3 ways your retirement will be different from your parents
We take a closer look at today's retirement landscape and uncover several underlying themes that will transform how people around the globe prepare for their golden years.
An aging global population has numerous implications for what it means to retire. People are living longer, having fewer children, remaining in the workforce, transitioning careers later in life, etc. But there are some other key points we’d like to highlight based on research and conversations we’ve had with global experts:
1. Retirement today is about much more than money.
That’s always been sort of true, but it’s even truer now. Increased longevity has changed everything. In most ways, living longer is a boon. Who wouldn’t want an extra ten—or 20, or 30—years? But it presents new challenges. For instance, the issue of long-term care affects health, finance, technology and public policy in ways that can only be effectively addressed when all are approached in concert. The experts have barely started to come together and think through all these challenges and how they interact. We at BlackRock are starting a conversation but we’re only in the beginning stages. One thing we do know: Our expertise in helping people save and invest, but we need to be thinking about many other issues, and working with other experts.

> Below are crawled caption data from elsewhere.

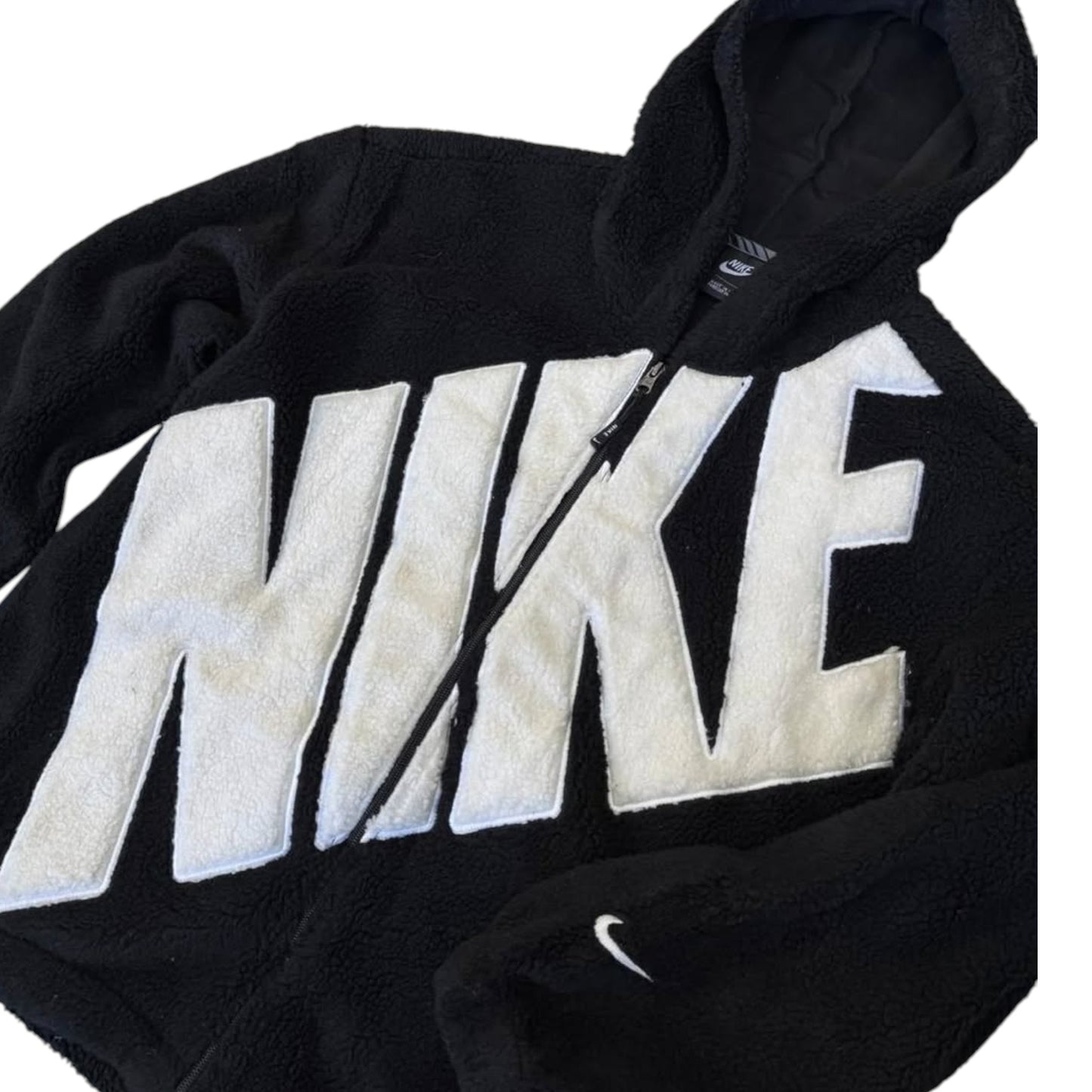 Black hoodie with large white 'Nike' logo on a white background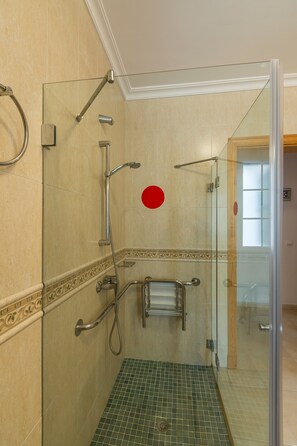 Une douche fermée par des parois en verre, dotée d’une barre d’appui, d’un porte-serviettes et d’un sol carrelé.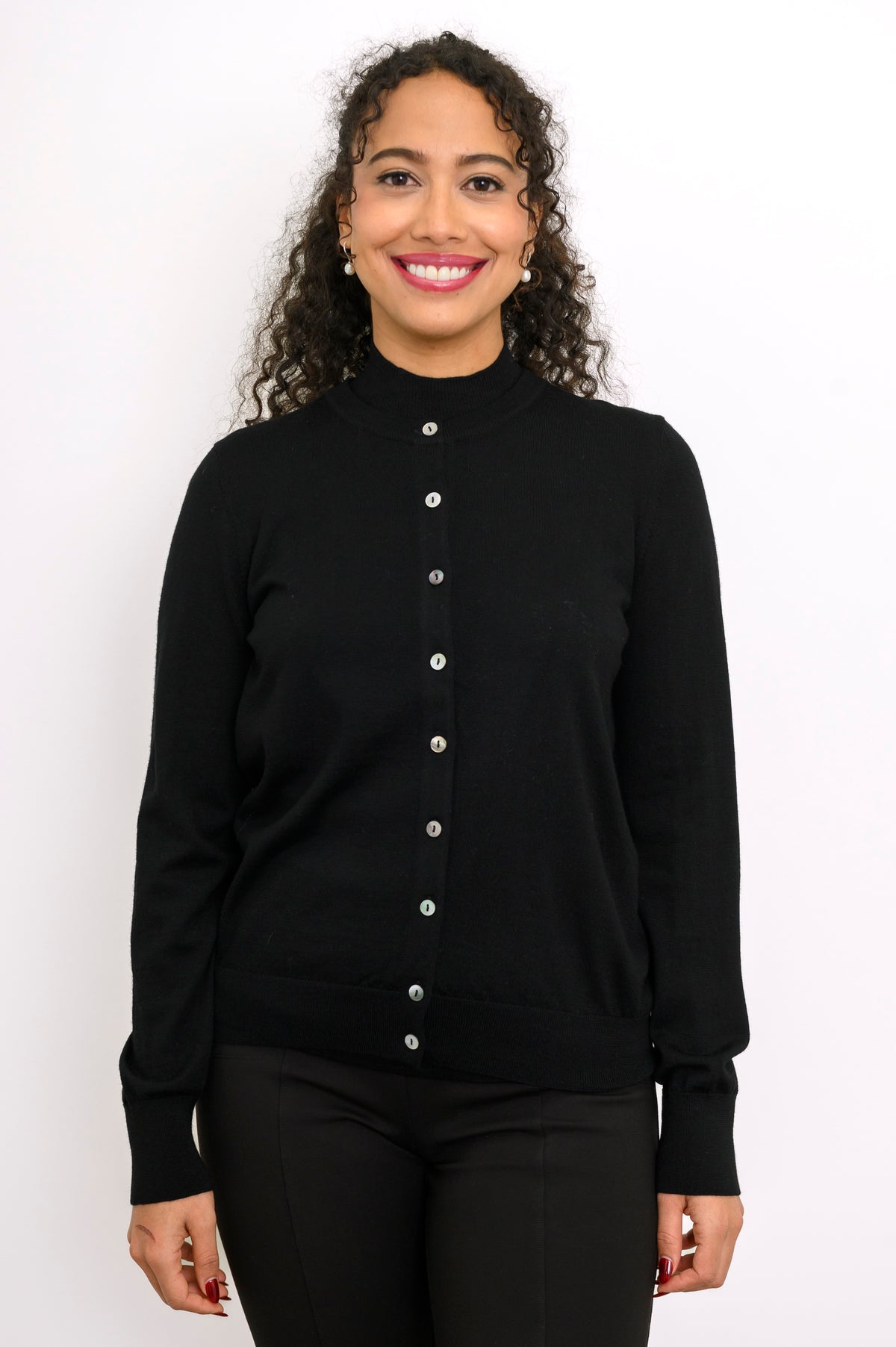 Close up front view of a smiling woman wearing a black fine knit merino wool crewneck cardigan.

2. “Retirement” is outdated.
The expectation that people should want (or be forced) to stop working at age 65 no longer makes sense in a world in which people live longer, live healthier as they age, and the ratio of old to young is considerable and growing. Yet as longevity has increased over the past century, we’ve tacitly tacked all the added years on at the end. Apart from the undesirability of making “old age” the longest phase of one’s life, it’s unrealistic to expect that most workers will be able save enough over the course of a 40-year working life to fund a possible 30-year (or longer) retirement. There should be no hard boundary on where work ends and retirement begins. In particular, mandatory retirement ages at the employer level need to be re-thought and in most cases reconsidered. Instead, we need to think in terms of a new “life script” that allows for greater flexibility, time off or part time work mid-career, more opportunities for education and retraining across our life course, and “phased retirement” in which people reduce their hours, shift into less demanding roles, and so on, but do not abruptly leave the workforce at some pre-set (and arbitrary) age.
3. Longer lives require better savings habits.
If you want any shot at a decent retirement, you’re going to have to save more. It’s just that simple. While the ultimate responsibility to save more is on participants, companies have a role to play, too. While the financial services industry has long been skeptical that better communications can raise savings levels, we now know from several real-life examples that improved communications can work. We need to re-establish trust with potential investors who may avoid investing for retirement in the belief that the financial system and participating firms are rigged against them. Common threads to building a connection are simplicity; direct, jargon-free language; and speaking to people in different ways depending on what stage they are at in life. For instance, it’s counterproductive to talk to young workers about “retirement,” a goal that seems to them impossibly distant. Language around “savings” works better. Older workers closer to retirement age respond well to messages that speak directly to their concerns about retirement. This will be a challenge for the financial services industry which, historically, has been technical, product-focused and accustomed to dealing with large institutions.